# Using 1100VA UPS for timelapse photography? (1-2weeks)



## kingjulien (Apr 10, 2017)

Hi, I have a timelapse shoot at this construction site that has no power for me to use.
All my previous time lapse shoots were using power adapter on my D600 and D7100.
Right now my main concern is a power supply unit that can last me at least 1 week. but preferably 2 weeks (due to the driving distance to site).

I've been researching and found out about using UPS as my external power supply (1100VA). I've asked around many people, some say they can last 1-2 weeks and some say that I cannot last even a day. I don't even know anymore 

I tried shooting 4 frames per hour 96 per day. (But thinking of cutting down to 3 per hour.)

With the camera built-in battery, EN-EL15 (1900MhA), it lasted for 15 hours and the battery have 4/4 bars left.

UPS (was looking at this

Power Adapter used to connect to UPS

Hope can get some advice from tho who have experience on this. Thank you!


----------



## KmH (Apr 11, 2017)

how to calculate how long the charge in a battery will last - Yahoo Search Results


----------



## astroNikon (Apr 11, 2017)

I'd be worried with a standard 1100VA in the environment you plan on using it in.
Cold, wet etc can affect performance and sustainability.

Will you be driving out there to check things?  You could plug it into the car and charge it up some at that point.

I used to do these calculations for server rooms though a very long time ago (and much larger UPS and generator backup).
most of the UPS you looked at are designed for 20-30 minutes of up time for a single computer and LCD monitor.  For a camera? I haven't really figured that out but should be much longer.

Have you tried calling APC and asking them to help you with your calculations ?


----------



## kingjulien (Apr 11, 2017)

thanks for the reply! really appreciate it. After further research,  I have decided to use a car battery instead. 

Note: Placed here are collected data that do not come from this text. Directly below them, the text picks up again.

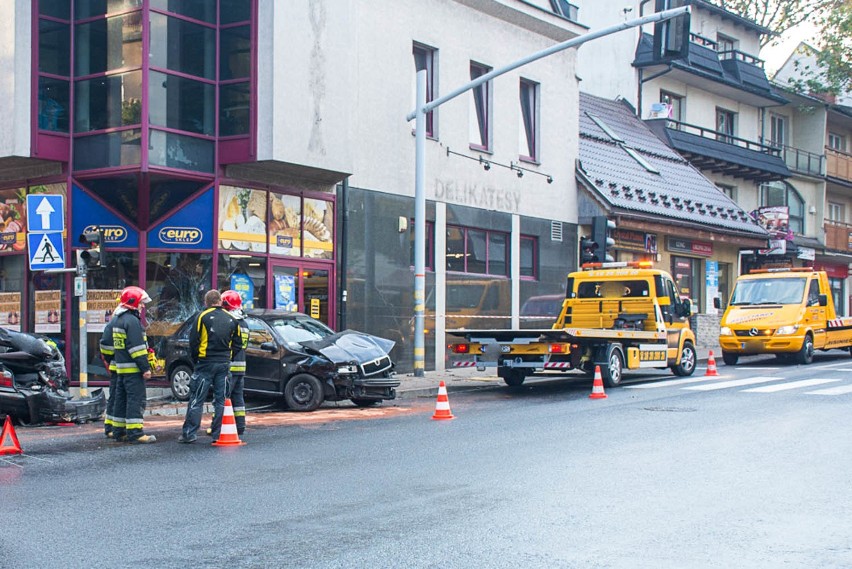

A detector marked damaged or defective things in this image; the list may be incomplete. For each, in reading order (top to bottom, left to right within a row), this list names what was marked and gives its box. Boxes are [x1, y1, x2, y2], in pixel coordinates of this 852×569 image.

damaged black car [0, 326, 105, 424]
damaged black car [161, 308, 398, 410]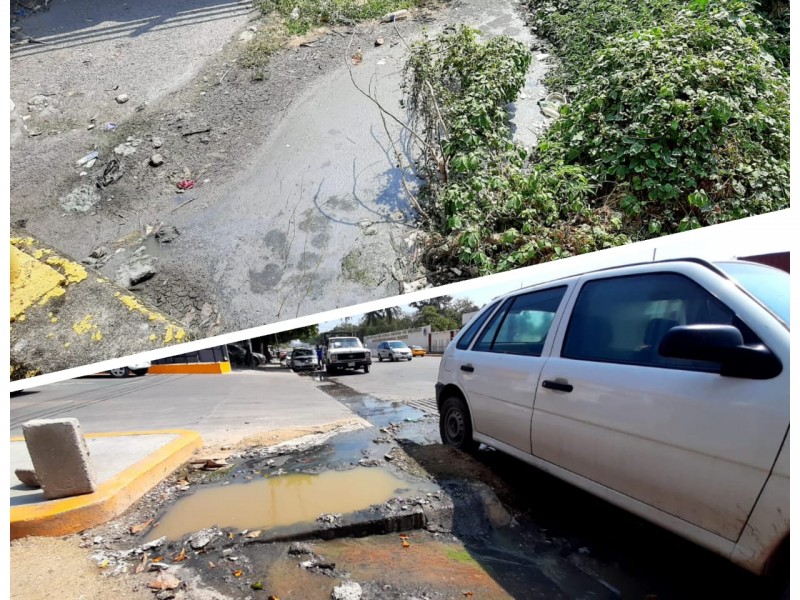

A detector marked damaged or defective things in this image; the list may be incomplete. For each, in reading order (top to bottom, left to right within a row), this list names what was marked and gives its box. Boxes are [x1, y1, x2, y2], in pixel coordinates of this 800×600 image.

flooded pothole [147, 466, 434, 540]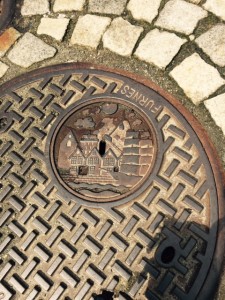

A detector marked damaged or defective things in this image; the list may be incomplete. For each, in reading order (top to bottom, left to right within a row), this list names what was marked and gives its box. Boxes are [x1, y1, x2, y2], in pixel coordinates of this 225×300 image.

rusty metal surface [0, 63, 224, 300]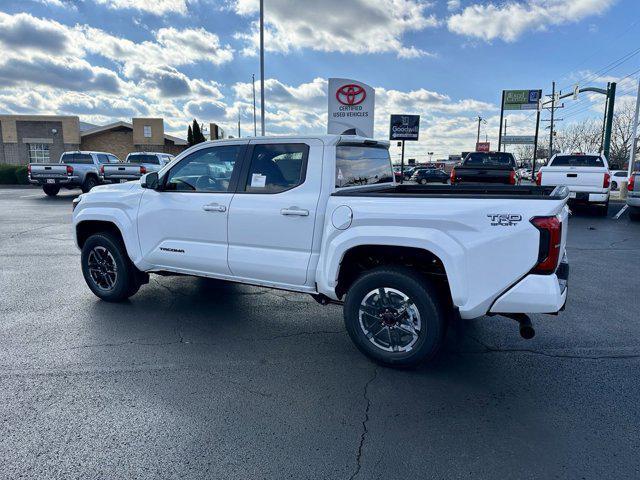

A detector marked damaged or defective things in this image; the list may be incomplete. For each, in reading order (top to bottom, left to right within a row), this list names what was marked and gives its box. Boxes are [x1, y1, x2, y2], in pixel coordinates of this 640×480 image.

pavement crack [460, 334, 640, 360]
pavement crack [348, 366, 378, 478]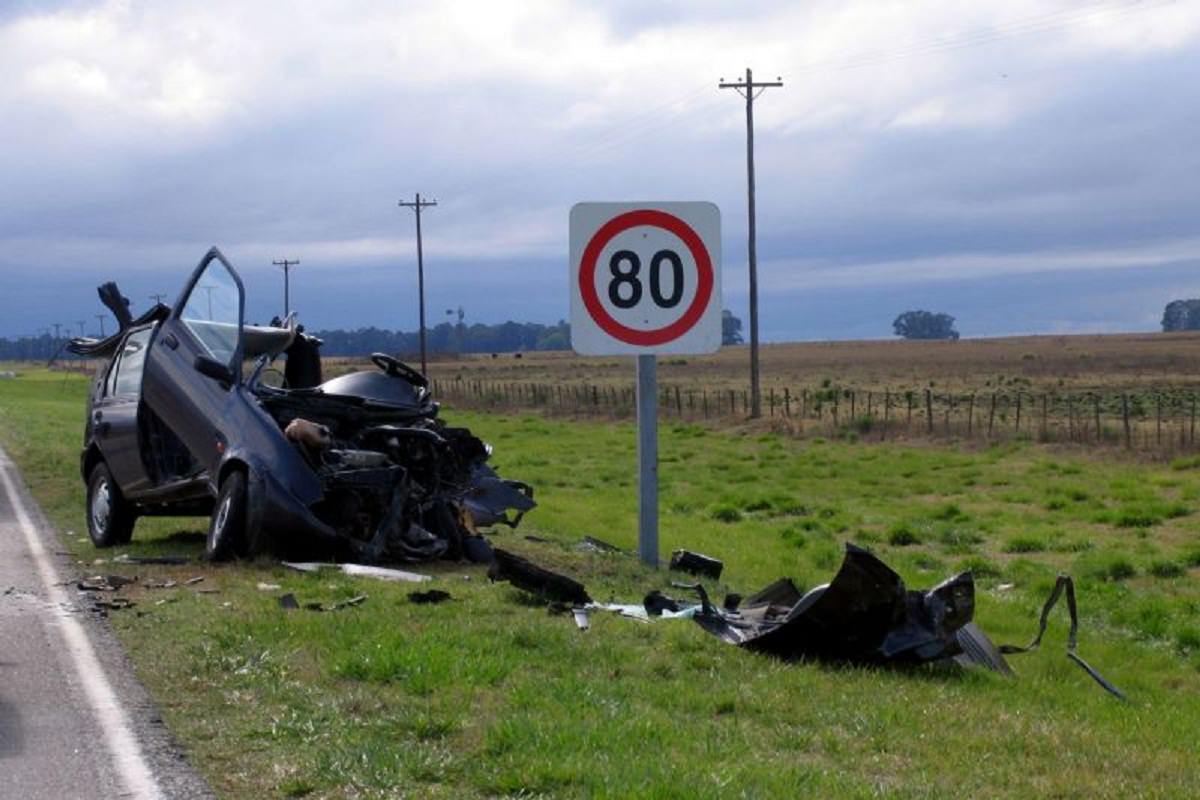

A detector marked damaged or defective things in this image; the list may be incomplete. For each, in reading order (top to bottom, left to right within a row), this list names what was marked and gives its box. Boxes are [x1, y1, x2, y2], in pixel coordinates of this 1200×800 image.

crumpled car door [141, 247, 244, 478]
wrecked black car [68, 245, 532, 564]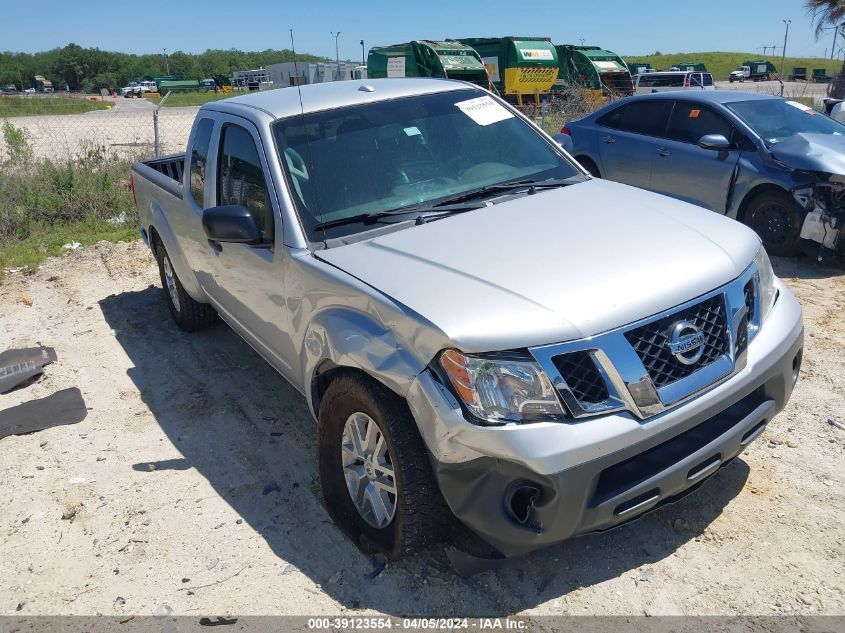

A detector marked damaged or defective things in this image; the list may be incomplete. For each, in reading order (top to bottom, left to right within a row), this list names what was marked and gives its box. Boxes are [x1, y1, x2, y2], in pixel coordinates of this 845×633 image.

blue damaged sedan [560, 90, 844, 262]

Car Battery > DC Converter (12V > Camera Voltage) >Dummy Battery

Another alternative I have found. (Haven't tested this yet)

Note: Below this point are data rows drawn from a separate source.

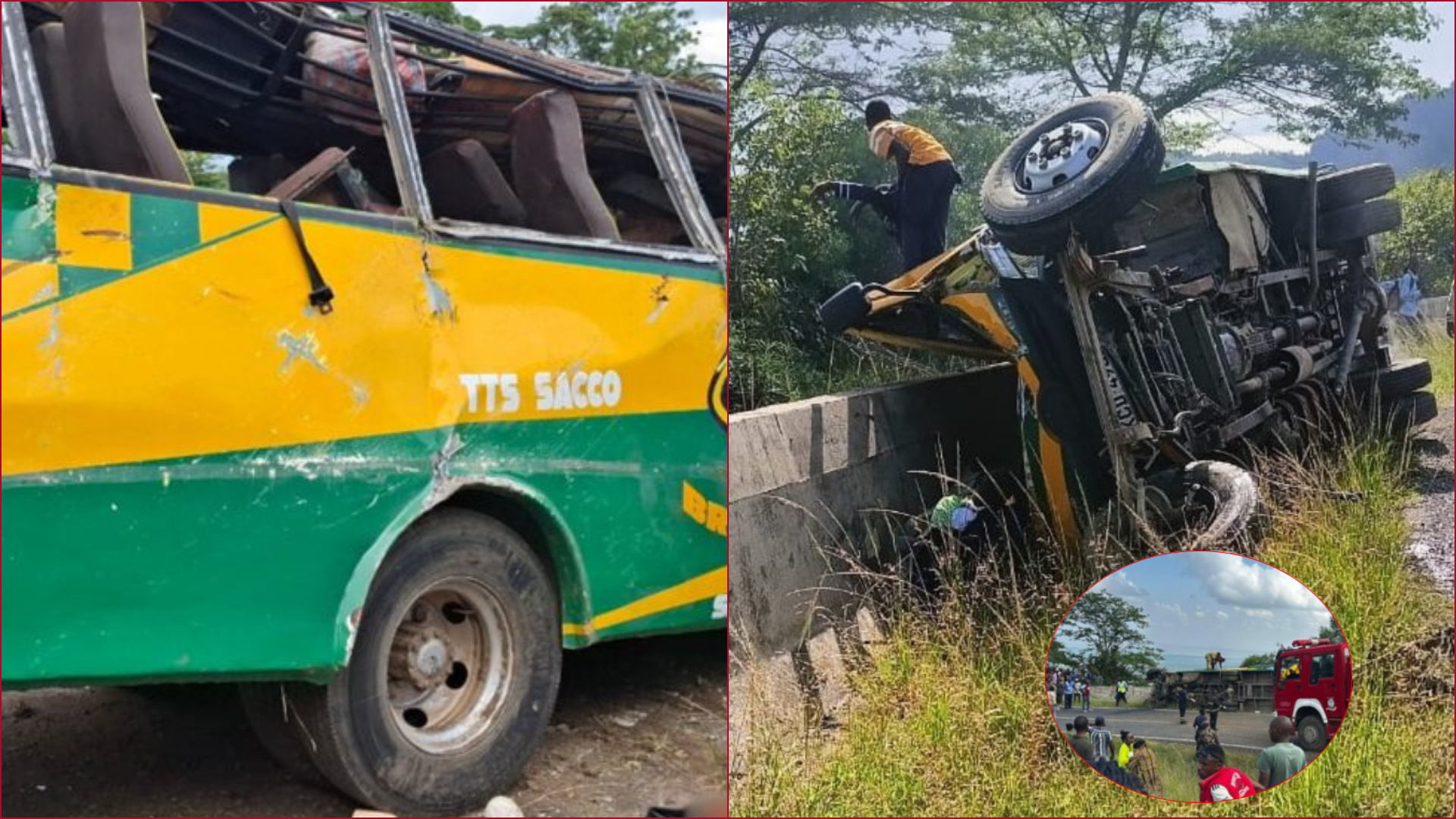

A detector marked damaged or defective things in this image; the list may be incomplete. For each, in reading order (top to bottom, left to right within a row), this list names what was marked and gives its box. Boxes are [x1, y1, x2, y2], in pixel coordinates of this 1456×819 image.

exposed wheel [977, 92, 1171, 256]
exposed wheel [1323, 164, 1401, 211]
exposed wheel [1323, 197, 1401, 246]
crashed yellow-green bus [0, 3, 728, 813]
overturned vehicle [819, 94, 1432, 543]
exposed wheel [1377, 358, 1432, 397]
exposed wheel [278, 510, 564, 813]
exposed wheel [1298, 713, 1329, 752]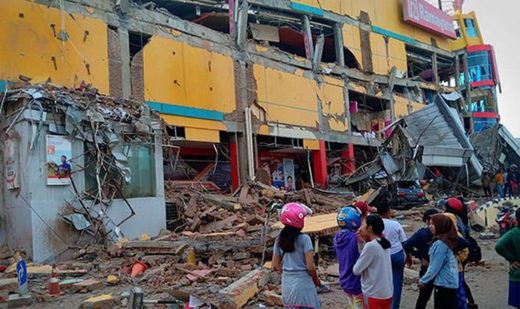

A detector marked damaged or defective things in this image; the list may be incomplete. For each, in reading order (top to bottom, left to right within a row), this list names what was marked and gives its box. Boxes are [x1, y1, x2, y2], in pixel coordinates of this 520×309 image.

broken wall [0, 0, 108, 92]
damaged storefront [0, 86, 166, 262]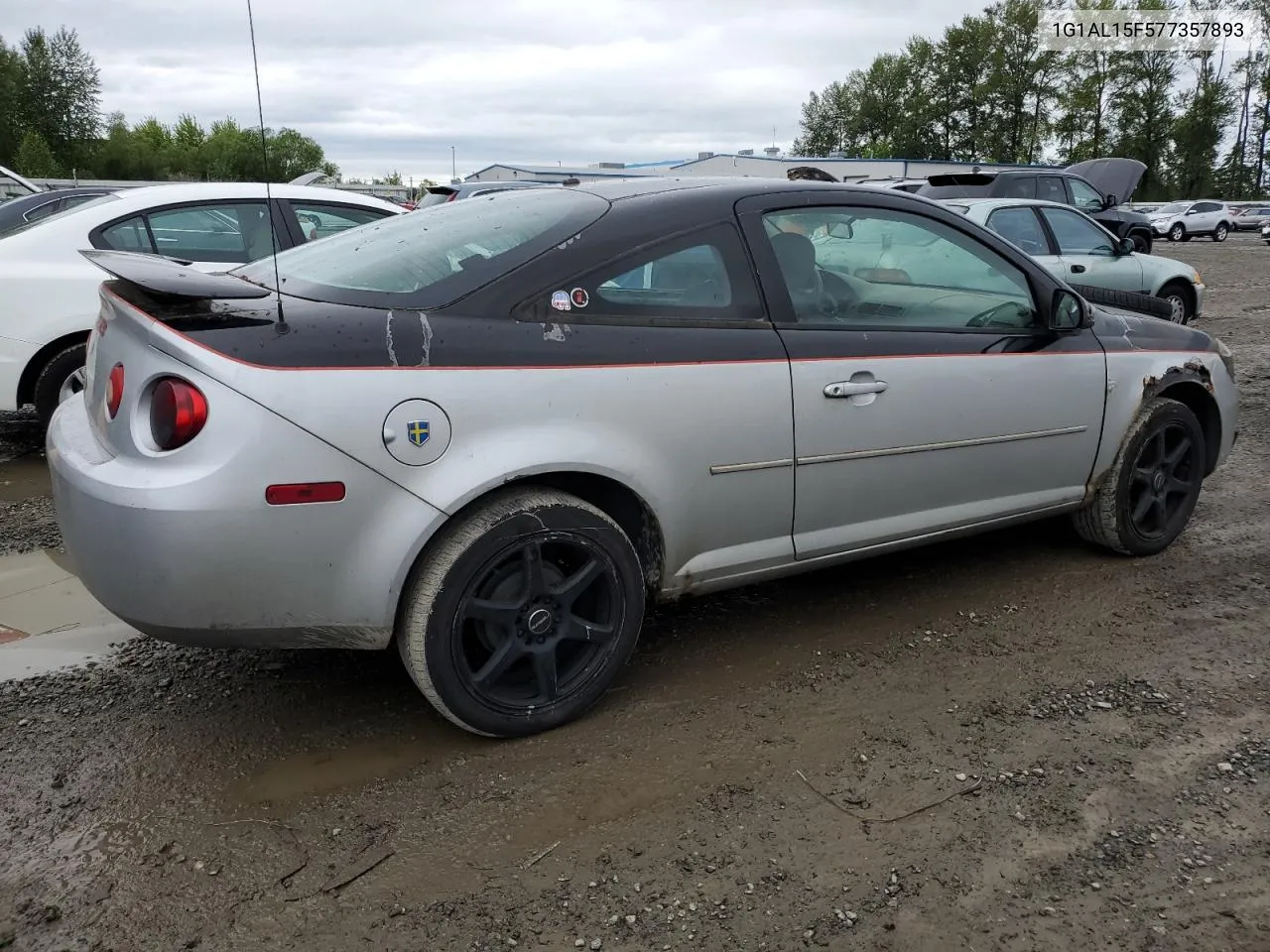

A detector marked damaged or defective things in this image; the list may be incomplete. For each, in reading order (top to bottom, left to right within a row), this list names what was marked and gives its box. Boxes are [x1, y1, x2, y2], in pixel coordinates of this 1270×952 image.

damaged car [52, 180, 1238, 746]
damaged car [917, 160, 1159, 256]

Car Battery > Car Cigarette lighter (USB) > Dummy Battery


----------



## table1349 (Apr 13, 2017)

This would solve your problem:  Tycon Systems RPST1212-100-70 Remotepro 17W Continuous Remote Power System with 12V POE Voltage - RPST1212-100-70

Just curious what kind of construction site has no power?  Is this building being constructed with hand tools only?


----------